This project implements and evaluates multiple deep learning architectures on the MNIST handwritten digit dataset using PyTorch. The goal was to compare neural network architectures and optimizers while benchmarking against a classical machine learning baseline.
-
Multi-Layer Perceptron (MLP)
- ReLU + Adam
- Sigmoid + Adam
- ReLU + SGD
- 5-layer MLP (Best MLP)
-
Convolutional Neural Networks (CNN)
- Custom 4-layer CNN (Best Overall Model)
- LeNet-5
-
Classical Baseline
- XGBoost (from previous assignment)
- MNIST (28x28 grayscale handwritten digits)
- 60,000 training samples
- 10,000 test samples
| Model | Accuracy | Training Time |
|---|---|---|
| XGBoost | 97.2% | 30s |
| Best MLP | 98.2% | 65s |
| LeNet-5 | 98.3% | 40s |
| 4-layer CNN | 98.6% | 55s |
- CNNs significantly outperform classical ML models on image data.
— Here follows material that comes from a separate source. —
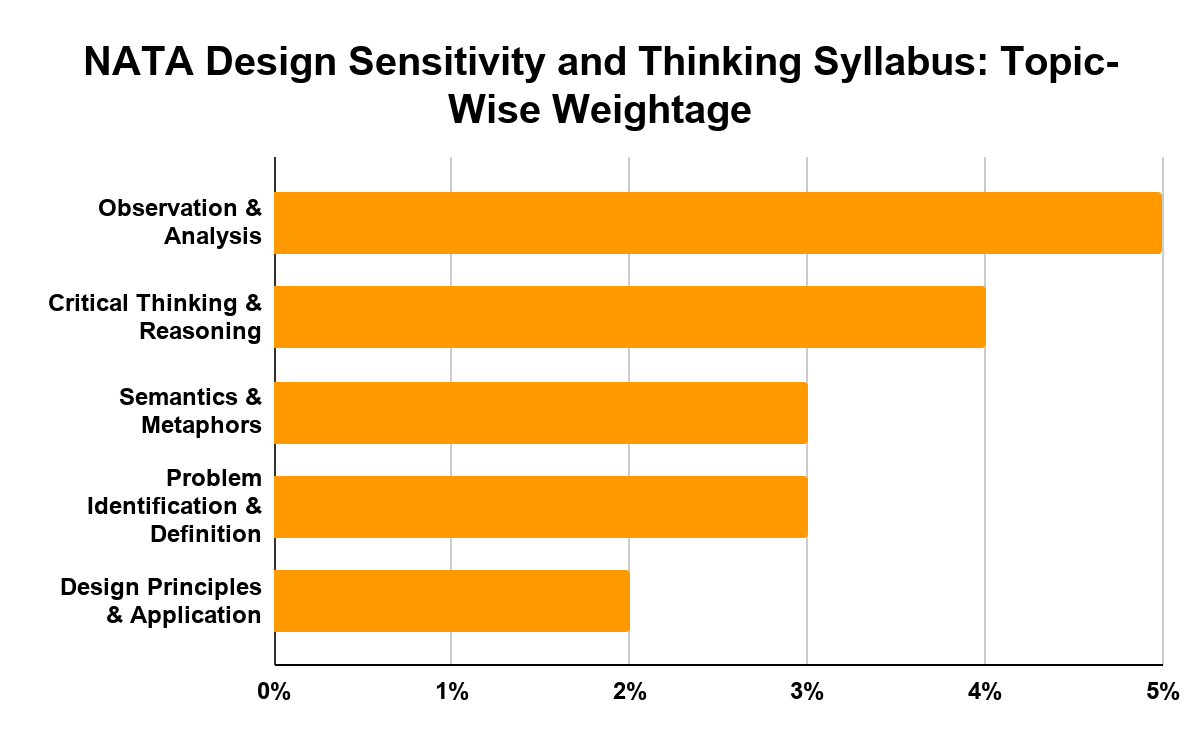 NATA Design Sensitivity and Thinking Syllabus 2027: Topic-Wise Weightage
- ReLU activation consistently outperformed Sigmoid.
- Adam optimizer converged faster and achieved higher accuracy than SGD.
- Deeper MLP improved performance but CNN architectures were superior overall.
- Python
- PyTorch
- NumPy
- Matplotlib
- Scikit-learn
- Install dependencies: pip install torch torchvision numpy matplotlib scikit-learn
- Run notebooks:
- MLP.ipynb
- CNN.ipynb
The 4-layer CNN achieved the best overall performance, demonstrating the effectiveness of convolutional architectures for image-based tasks.